**Instructions to follow**: What the response needs is every record, repeated verbatim, and no images.

**Given entries**:
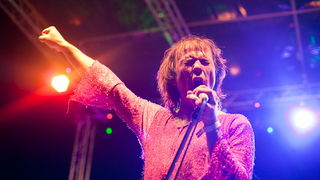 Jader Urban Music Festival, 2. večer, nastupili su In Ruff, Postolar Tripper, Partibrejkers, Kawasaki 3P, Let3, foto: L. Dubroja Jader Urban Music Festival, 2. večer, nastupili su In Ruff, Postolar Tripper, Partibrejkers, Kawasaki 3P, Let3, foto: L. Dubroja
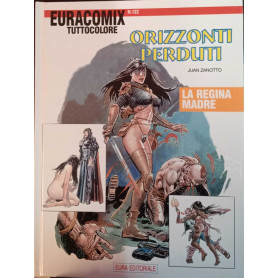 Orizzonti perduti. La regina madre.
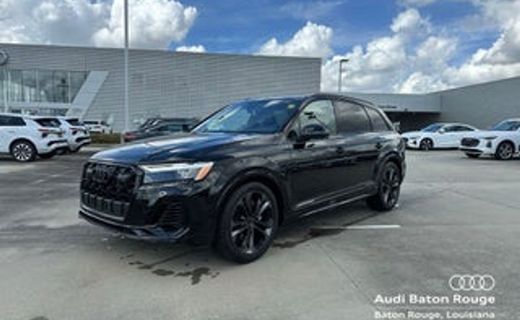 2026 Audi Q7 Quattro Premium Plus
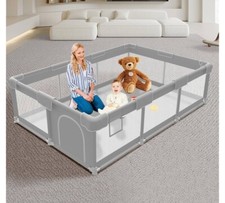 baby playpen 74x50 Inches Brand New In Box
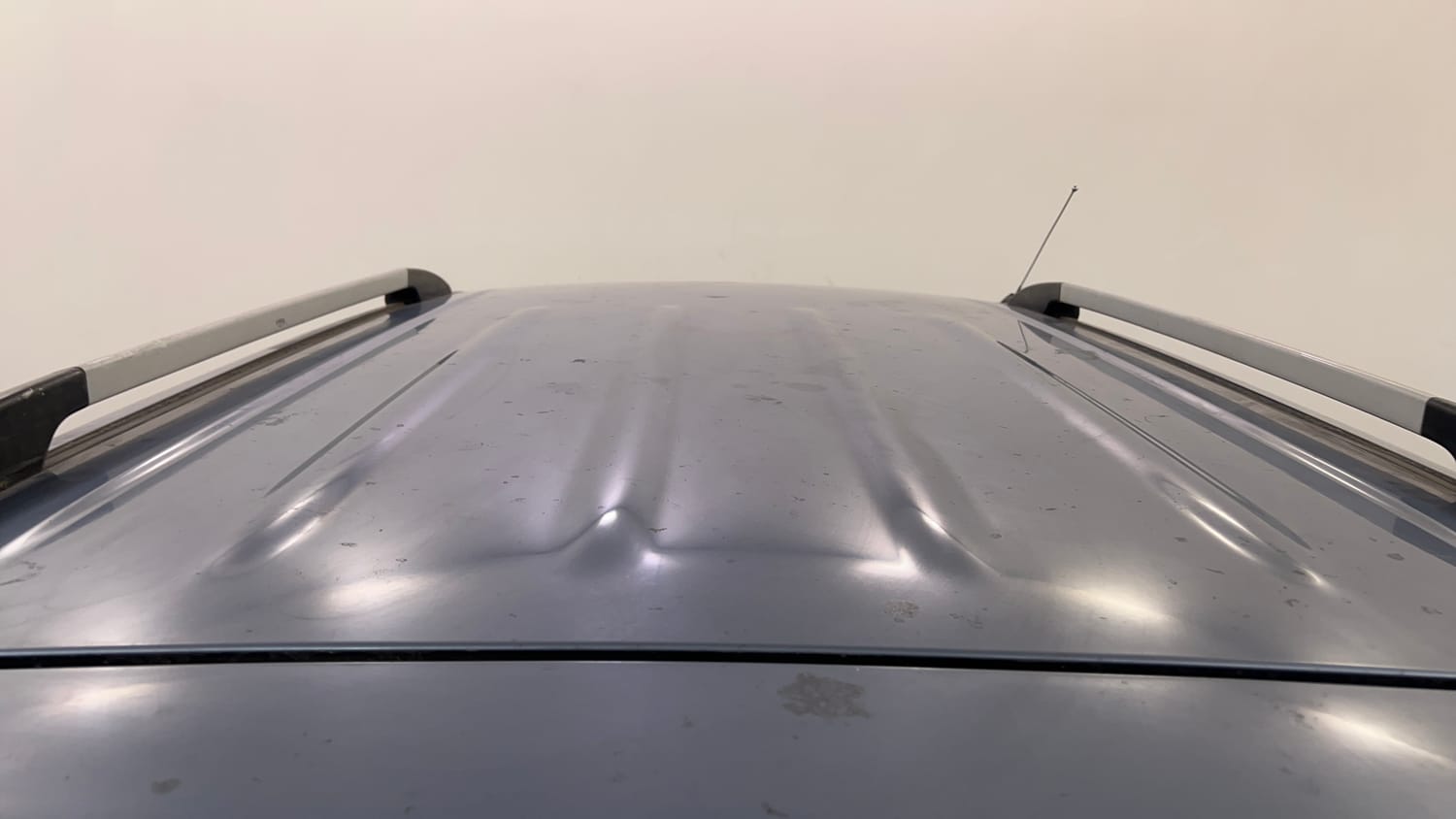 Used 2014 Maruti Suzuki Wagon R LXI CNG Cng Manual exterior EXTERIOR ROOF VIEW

**Answer to the exercise**:
 Jader Urban Music Festival, 2. večer, nastupili su In Ruff, Postolar Tripper, Partibrejkers, Kawasaki 3P, Let3, foto: L. Dubroja Jader Urban Music Festival, 2. večer, nastupili su In Ruff, Postolar Tripper, Partibrejkers, Kawasaki 3P, Let3, foto: L. Dubroja
 Orizzonti perduti. La regina madre.
 2026 Audi Q7 Quattro Premium Plus
 baby playpen 74x50 Inches Brand New In Box
 Used 2014 Maruti Suzuki Wagon R LXI CNG Cng Manual exterior EXTERIOR ROOF VIEW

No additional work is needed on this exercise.